Perry opens her mouth to correct him and he quickly adds, “Aside from a few times.”

But I know that Perry isn’t worried about Max being creepy or weird or anything like that. The two of us have always had an easy relationship, and even if he does get inappropriate, which isn’t really in his nature, I’ll put him in his place really fast.

She’s worried because we don’t really know what happened to him in Hell and if there are any lingering effects. If it’s changed him in some way. And if he’s truly alone, so to speak. You don’t go through something like that and come back the same as you were before.

I guess it’s just a matter of time before we find out how much damage was done.

 

 

Three

 

 

“I survived. I speak, I breathe, I’m incomplete, I’m alive – hooray!”

– The Vampyre of Time and Memory

 

 

“Get in, loser.”

I gesture to my Mini Cooper parked on the street outside Perry and Dex’s apartment, the cold winter wind whipping my hair around my face.

Max stares at the car for a moment, most likely wondering how he’s going to fit his massive frame into my mini-mobile. The ends of his black scarf dance in the breeze and he gathers his coat closer to him. Over the last few days he’s slowly been acclimatizing to the new/old world, and it turns out the guy gets cold easily. I guess the temperatures in Hell are insane, as to be expected, not that he’s discussed anything about that place with anyone so far.

And it’s freezing here anyway. The damp cold that the Pacific Northwest likes to unleash this time of year really sinks into your bones. Because Max doesn’t have any of his magic Jacob money (which is what I’m calling it) at the moment, Perry and I took Max shopping for some winter clothes, with Perry fronting the bill. His coat is charcoal, knee-length, and pretty dapper, elevating his normal style of flannel shirts and jeans. Part of me is hoping that when we get back to Portland and he gets money, I can be his personal shopper and really give him a makeover.

“Loser?” Max asks, glancing up at me, brow furrowed like I just insulted him.

I roll my eyes. “You’ve never seen Mean Girls? We’ll have to fix that. Get in the car, big dude.”

“I’m not sure I’m going to fit,” he says, opening the door.
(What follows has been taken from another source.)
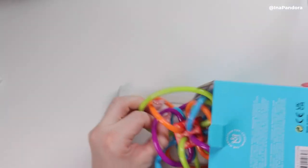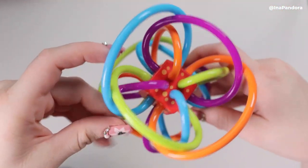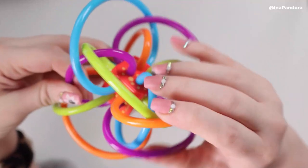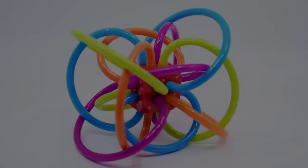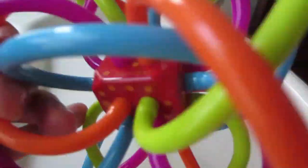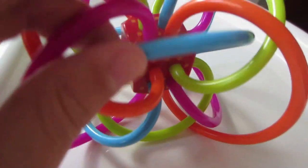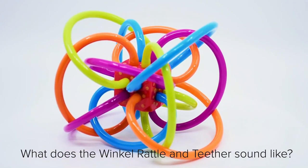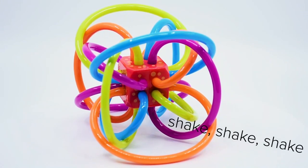Hi everyone, so this is what the toy looks like. It is very bright colored as you can see, and this part here bends, so it's very good for the baby to chew on. My son is three months and he loves it because it's very easy to grab, and when you shake it there's like a little rattle inside. Overall I'm very satisfied with the product.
The thing about my car is that it looks small from the outside, but from the inside it’s surprisingly roomy. I get in the driver’s seat and buckle up, starting the car right away to get the heat flowing for the big ginger. I watch as he shoves the seat back and then presses his large hand against the ceiling.

“I guess I do fit,” he remarks, then stares at his knees pressed up against the glove compartment. “Barely.”

“Buckle up,” I tell him, just as Karen O’s cover of Led Zeppelin’s Immigrant Song comes blasting from the speakers. Then I burn it out of the parking spot, the car sliding on the icy road for a moment before it gets traction.